September 23, 2008

Poison, tears, and muffins.

OK, I'm a mess. If you didn't know me and looked at me, I'd look normal to you. But I'm just a mess. It's been the strangest year. I've survived the pest guys almost killing my poodle and an investigation by a really stupid government worker who the vet said didn't know anything about poison. I've survived three short love affairs, one with a Buddhist who loves porn, one with a 50-year-old guy who can't find himself yet in the world, and another with a controlling guy who tried to manipulate me with guilt. I've survived a change in my work schedule and grandchildren starting kindergarten. I've survived a break-in at my home and sobbing in front of police officers and then crying in front of the checker at Von's. I've survived the loss of almost all my jewelry and cameras, and now not being able to find where I've hidden what's left of my valuables. I've survived being two miles from a train crash that killed twenty-five people and listening to the emergency vehicles overhead and on the streets all night and then booking surgeries for the victims at work. I've survived a shoulder injury and daily pain for the past three months. There's a continuing war, threat of nuclear weapons, countless natural disasters, and Sarah Palin. And what finally did me in? Yes, my cable TV.
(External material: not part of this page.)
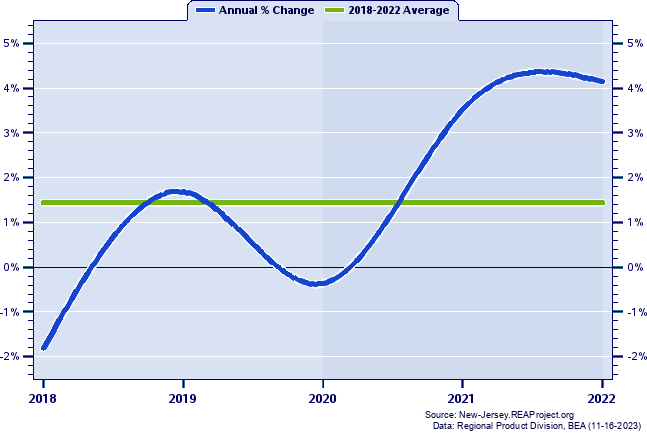 Ocean County Real Gross Domestic Product:
Annual Percent Change, 2002-2021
I've really been amazed at my fortitude, how I just keep going, no matter what happens. Just try to eat right and exercise and see some friends and do my job and have time with my kids and grandkids and then the cable TV goes crazy and I lose it.
I have no volume on channels 2,4, and 7. The Simpsons on channel 11 are in Spanish and Law and Order on A&E is giving me a continuous description of what's happening, like I'm blind. And I called the cable company and just lost it. I called from work and the lady said she would reboot it from the office and then I got home and nothing had changed and then I called again but couldn't understand what the operator was saying with her accent and she wouldn't put me through to another operator so I hung up. Then I called again and the operator said she couldn't fix it and I said should I just cancel service and she said fine, she could do that for me and then I just lost it and hung up. I called again and asked for a supervisor and she was really nice and said that she really valued me as a customer and could she make an appointment for a service call and I just went blank. I couldn't think of a two hour window of time in my life in the next five days to let in a cable guy and so I hung up. And so I went to bed to try to calm down and read a book and fell asleep at 8:30pm and now I'm up at 3am and can't sleep.

I have no wisdom about this at all. I think my nerves are probably just shot. I think I'll take my cable box to the company and exchange it and maybe that will work. I've got a doctor's appointment in a few hours about my shoulder and I don't want to go nuts there, so maybe I'll pick up some muffins to take with me to the staff in case I get weird in the waiting room. I know none of this is life and death but I guess life sometimes just gets to us and that's just the way it is. I'll keep you posted.

3 comments:

Daria said...

I think the big 6 0 will usher out this yucky end to the 5 0 and this will all be behind you. Just let go and reach out and know that you don't always have to say "I'm fine" with a smile. We get it. And, we love you. xoxo

Unknown said...

Just want you to know I'm thinking about you, and hating that you got robbed and that those bastages hurt my friend Buddy and wishing I knew the perfect guy for you. And yes, the cable company blows. I know that when this spate of suckiness turns around you will be even more grateful for the good things in your life because that is just the wise, strong, centered person that you are. Miss you, Terry

Anonymous said...

You'll be fine. Just keep moving forward.